One of the main reasons Irish stables have dominated in recent years has been the strength of the Willie Mullins stable. He already holds the Cheltenham record of 88 total festival wins, and last year set a record with 10 individual winners. This year, he has the pre-post favorite or joint-favorite in 10 races at the time of writing — more than the British-trained contingent combined, who have seven favorites or joint-favorites. That number may increase by starting time.

It’s not beyond the realm of possibility for him to get the 12 wins he needs to reach the 100 mark. His most exciting horses to watch will be Gold Cup (G1) favorite Galopin Des Champs and Champion Hurdle (G1) second favorite State Man.

3. What will the longest-priced winner be?

There’s always a chance of a big price in a Grade 1 event — there have been 100-1 winners of the Gold Cup — but the best chance of a big price will be in the handicaps.

Like Royal Ascot, the Cheltenham Festival has a number of highly competitive handicaps, many of which are outstanding betting races. Often you will get favorites starting around 6-1, so if you get your tips right in these, you could be in for a big payout.
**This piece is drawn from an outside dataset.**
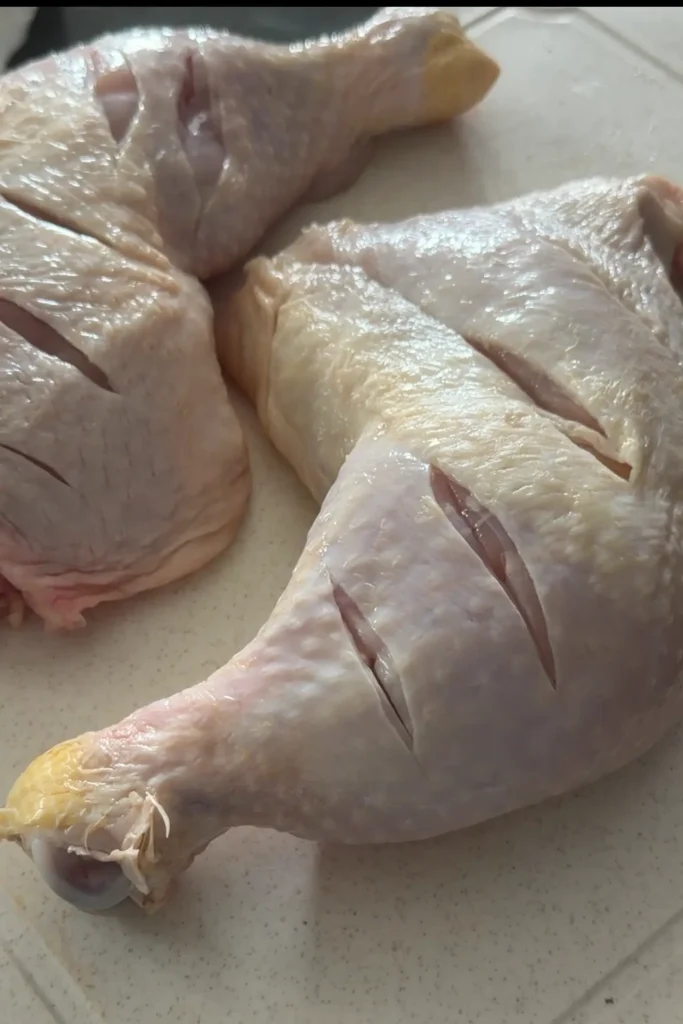 Chicken leg quarters scored to help the Chicken Inasal marinade absorb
With fields well in excess of 20 horses in some of these, there’s always the potential for a serious outsider to come in. Last year, Commander Of Fleet took the Coral Cup (G3) at 50-1, while the Fulke Walwyn Kim Muir Challenge Cup for amateur jockeys went to 40-1 chance Chambard.

My preference for handicaps is to find a young, unexposed horse on the way up that the official handicapper hasn’t quite caught up with. But that doesn’t always work, so if you have a longshot you like, don’t be afraid to support it!
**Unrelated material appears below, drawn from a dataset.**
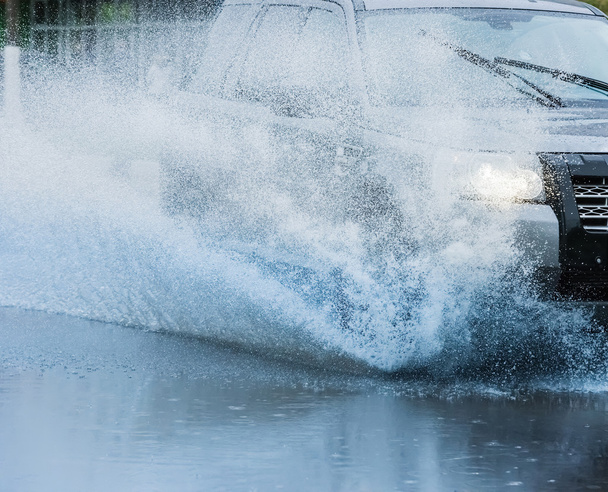 car rain puddle splashing water - Photo, image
4. Will Constitution Hill prove the hype?

Twelve months ago, novice hurdler Constitution Hill put up a performance for the ages when winning the Supreme Novices Hurdle (G1). It was so impressive that ratings gurus thought he was better than that year’s Champion Hurdle (G1) winner Honeysuckle, who was unbeaten at the time. She has since suffered a couple of defeats, while Constitution Hill has put up two exceptional winning efforts. Many think he could be one of the greats, and the Champion Hurdle on Tuesday will be the time to prove it.

5. Can Galopin Des Champs atone for last year’s bad luck?

Willie Mullins’ novice chaser Galopin Des Champs had blown away his opponents in the Turner Novices Chase (G1) approaching the last fence, only to fall with the race totally at his mercy. Since then, he’s raced three times, all in Grade 1 company in Ireland, and hasn’t been seriously troubled. He seeks to put his name into history in the biggest race of the festival, the Cheltenham Gold Cup (G1). He has some good horses to beat, among them last year’s winner A Plus Tard. Friday’s big race will give us a clue just how good he might be.